What you are really asking here is how to make MongoDB return something that is actually quite different from the form in which you store it in your collection. The standard query operations do allow a "limitted" form of "projection", but even as the title on the page shared in that link suggests, this is really only about "limiting" the fields to display in results based on what is present in your document already.
So any form of "alteration" requires some form of aggregation, which with both the aggregate and mapReduce operations allow to "re-shape" the document results into a form that is different from the input. Perhaps also the main thing people miss with the aggregation framework in particular, is that it is not just all about "aggregating", and in fact the "re-shaping" concept is core to it's implementation.

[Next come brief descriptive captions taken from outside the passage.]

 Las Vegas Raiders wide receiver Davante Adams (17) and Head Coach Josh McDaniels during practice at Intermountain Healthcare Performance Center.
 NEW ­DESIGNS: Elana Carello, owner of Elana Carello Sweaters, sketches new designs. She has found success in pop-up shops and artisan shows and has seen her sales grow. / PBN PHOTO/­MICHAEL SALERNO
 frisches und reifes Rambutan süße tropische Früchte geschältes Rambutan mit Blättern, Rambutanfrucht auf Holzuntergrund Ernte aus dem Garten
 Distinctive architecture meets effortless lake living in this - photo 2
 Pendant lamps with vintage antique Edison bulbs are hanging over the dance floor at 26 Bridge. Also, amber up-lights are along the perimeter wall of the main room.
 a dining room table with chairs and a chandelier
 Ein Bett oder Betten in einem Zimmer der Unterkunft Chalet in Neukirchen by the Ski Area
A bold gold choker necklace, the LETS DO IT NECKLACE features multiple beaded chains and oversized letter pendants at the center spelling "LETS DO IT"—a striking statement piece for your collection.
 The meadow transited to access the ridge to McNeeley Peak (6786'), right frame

So in order to get results how you want, you can take an approach like this, which should be suitable for most cases:
db.collection.aggregate([
{ "$unwind": "$students" },
{ "$unwind": "$studentDept" },
{ "$group": {
"_id": "$students.name",
"tfee": { "$first": "$students.fee" },
"tdept": {
"$min": {
"$cond": [
{ "$eq": [
"$students.name",
"$studentDept.name"
]},
"$studentDept.dept",
false
]
}
}
}},
{ "$match": { "tdept": { "$ne": false } } },
{ "$sort": { "_id": 1 } },
{ "$project": {
"_id": 0,
"name": "$_id",
"fee": "$tfee",
"dept": "$tdept"
}}
])
Or alternately just "filter out" the cases where the two "name" fields do not match and then just project the content with the fields you want, if crossing content between documents is not important to you:
db.collection.aggregate([
{ "$unwind": "$students" },
{ "$unwind": "$studentDept" },
{ "$project": {
"_id": 0,
"name": "$students.name",
"fee": "$students.fee",
"dept": "$studentDept.dept",
"same": { "$eq": [ "$students.name", "$studentDept.name" ] }
}},
{ "$match": { "same": true } },
{ "$project": {
"name": 1,
"fee": 1,
"dept": 1
}}
])
From MongoDB 2.6 and upwards you can even do the same thing "inline" to the document between the two arrays. You still want to reshape that array content in your final output though, but possible done a little faster:
db.collection.aggregate([
// Compares entries in each array within the document
{ "$project": {
"students": {
"$map": {
"input": "$students",
"as": "stu",
"in": {
"$setDifference": [
{ "$map": {
"input": "$studentDept",
"as": "dept",
"in": {
"$cond": [
{ "$eq": [ "$$stu.name", "$$dept.name" ] },
{
"name": "$$stu.name",
"fee": "$$stu.fee",
"dept": "$$dept.dept"
},
false
]
}
}},
[false]
]
}
}
}
}},
// Students is now an array of arrays. So unwind it twice
{ "$unwind": "$students" },
{ "$unwind": "$students" },
// Rename the fields and exclude
{ "$project": {
"_id": 0,
"name": "$students.name",
"fee": "$students.fee",
"dept": "$students.dept"
}},
])
So where you want to essentially "alter" the structure of the output then you need to use one of the aggregation tools to do. And you can, even if you are not really aggregating anything.